Written by Andrew Battista and Stephen Balogh
on January 10, 2018

Post 2 - DSpace and the Preservation Repository

This is the second in a series of posts on the development of GeoBlacklight at New York University. To see the first post and an overview of the series, visit here. The post was originally published in January 2016.

The role of an institutional repository in building collections

In the first post, we provided an overview of our collection process and technical infrastructure. Now, we begin our narrative with the first step: preservation within an institutional repository. Although we are not experts on the landscape of library repositories, we recognized early on that many schools are developing multi-purpose, centralized environments that attend to the interconnected needs of storage, preservation, versioning, and discovery. Furthermore, when it comes to collecting born-digital objects, every institution exists somewhere on a continuum of readiness. Some have a systematic, well-orchestrated approach to collecting digital objects and media of many kinds, while others have only a partially developed sense of how archival collections and other ad hoc born-digital items should exist within traditional library collections.

Stanford University is at the former end, it seems. The Stanford Digital Repository (SDR) is a multifaceted, libraries-based repository that allows for both collections (including archival materials, data, and spatial data) and researcher-submitted contributions (including publications and research data) to be housed together. Their repository attends to preservation, adopts a metadata standard, MODS, for all items, and imagines clear ways for content to be included within a larger discovery environment, SearchWorks. The SDR suggests a unifying process for providing access to many disparate forms of knowledge, some of which are accompanied by complex technological needs, and it facilitates the exposure of such items in ways that are useful to scholars and researchers of all kinds. See also the Purdue University Research Repository (PURR) for another good example of this model.

NYU is near the other end of this continuum of readiness, although this is changing with the advancement of our Research Cloud Services project. The closest thing we have currently is our Faculty Digital Archive (FDA), which is an instance of DSpace. As the name implies, the FDA was conceived as a landing-place for individual faculty research, such as dissertations, electronic versions of print publications, and other items. DSpace logo More recently, we have started deploying it as a place to host and mediate purchased data collections for the NYU community, and we are encouraging researchers to submit their data as a way of fulfilling grant data management plan requirements. These uses anticipate the kind of function of the Stanford Data Repository, even if we haven’t arrived yet.

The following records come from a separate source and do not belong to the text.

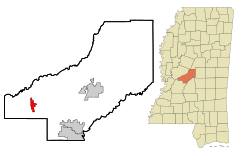 Madison County Mississippi Incorporated and Unincorporated areas Flora Highlighted.svg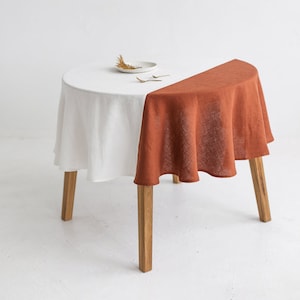 Color Block Rusty Round Linen Tablecloth, Off White Soft Round Linen Tablecloth, Round Linen Table Cloth, Natural Linens Sustainable Gift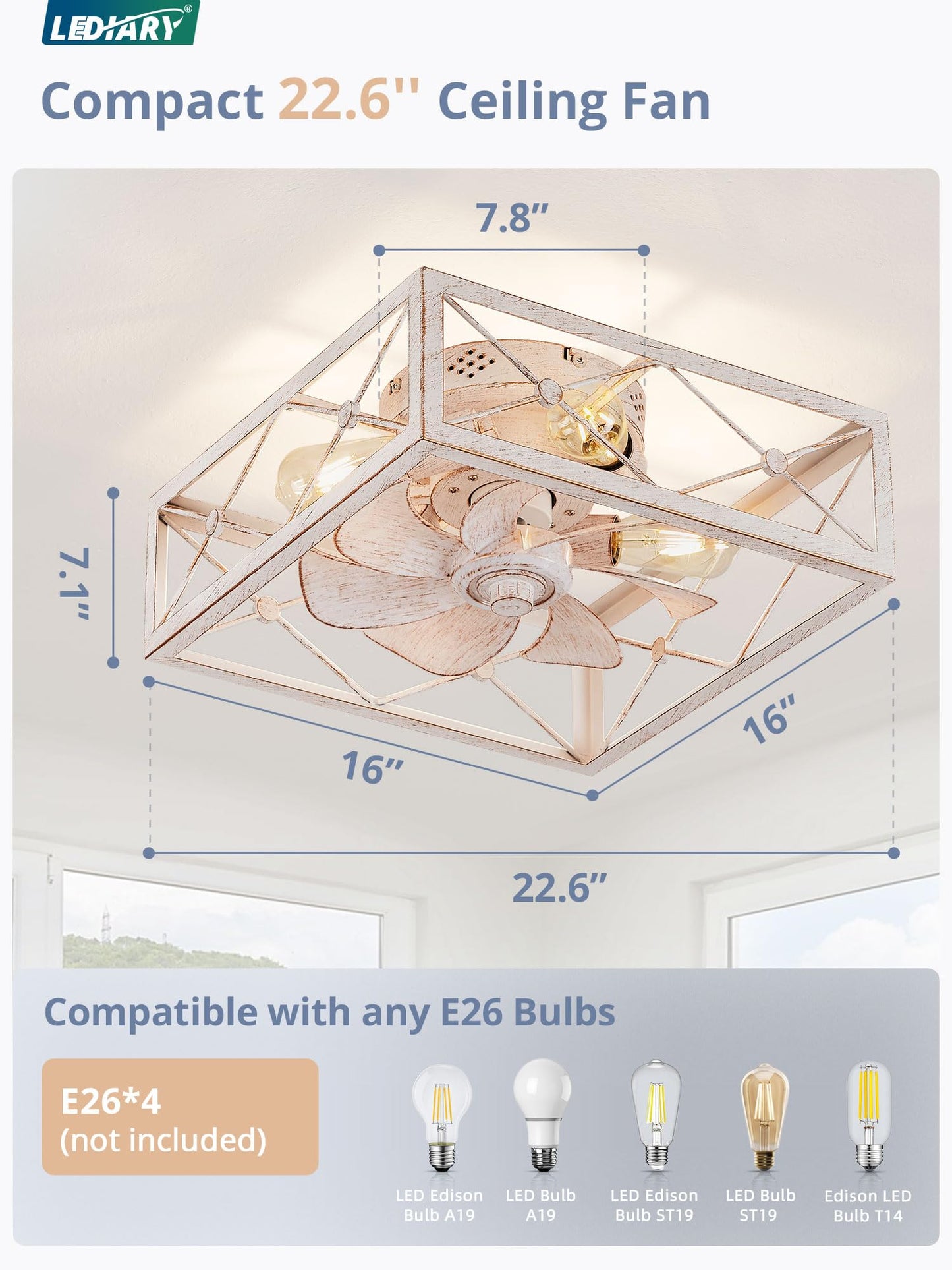 LEDIARY 22" Caged Low Profile Ceiling Fans with Lights and Remote, White Square Flush Mount Ceiling Fan, 6 Speed and Reversible, Small Farmhouse Bladeless Ceiling Fan for Bedroom, Kitchen, Dining Room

Overview of Dspace and other options

Although NYU’s institutional repository status is in flux, we decided to begin with the FDA (DSpace) as we developed our spatial data infrastructure. In this case, it was a good decision to work within a structure that already existed locally. Fortunately, the specific tool used in the preservation component of the collection workflow is the least connected to GeoBlacklight of all our project components, which means it can be altered as larger changes take place within an institution. There are other options available aside from DSpace, most notably the Samvera project, a growing community that develops a robust range of resources for the preservation, presentation, and access of data. We won’t belabor this point, other than to say that if you’re working within a context that has no preservation repository in place, it is highly advisable to stand up an instance of DSpace, Samvera, or some other equivalent before beginning collection efforts.

Collection Principles

The concept of a preservation repository spurred our thinking about some important collection development principles at the onset. The first and most obvious is that preservation is vital. Agencies release data periodically, retract old files, and produce new ones. Data comes and goes, and for the sake of stability and posterity, it is incumbent on those creating access to data to be vested in the preservation of it as well. Thus, we will make an effort to preserve all data that we acquire, including public data.

Second, the repository concept demanded that we make a decision regarding the level of data at which we would collect. In other words, the concept forced us to define what constitutes a “digital object” and plan accordingly. For many reasons, we decided that the individual shapefile or feature class layer is the level at which we would collect. The layer as an object corresponds with the level of operation intrinsic to every GIS software, and it’s the way that data is already organized in the field. What this does mean, for instance, is that we will not create a single item record that bundles multiple shapefiles from a set or a collection. With only a few exceptions, there is a 1:1 correlation between each layer and each unique ID.

Adding Non-conventional Documentation or Metadata

Beginning our collection by preserving a “copy of record” in the FDA also gave us the space and flexibility to pair proprietary data with its original documentation, particularly in cases in which documentation comes in haphazard or unwieldy forms. This record of 2010 China Coastlines and Islands is a good example.

view of China Data record A screenshot of an item in the FDA that is also in our spatial data repository.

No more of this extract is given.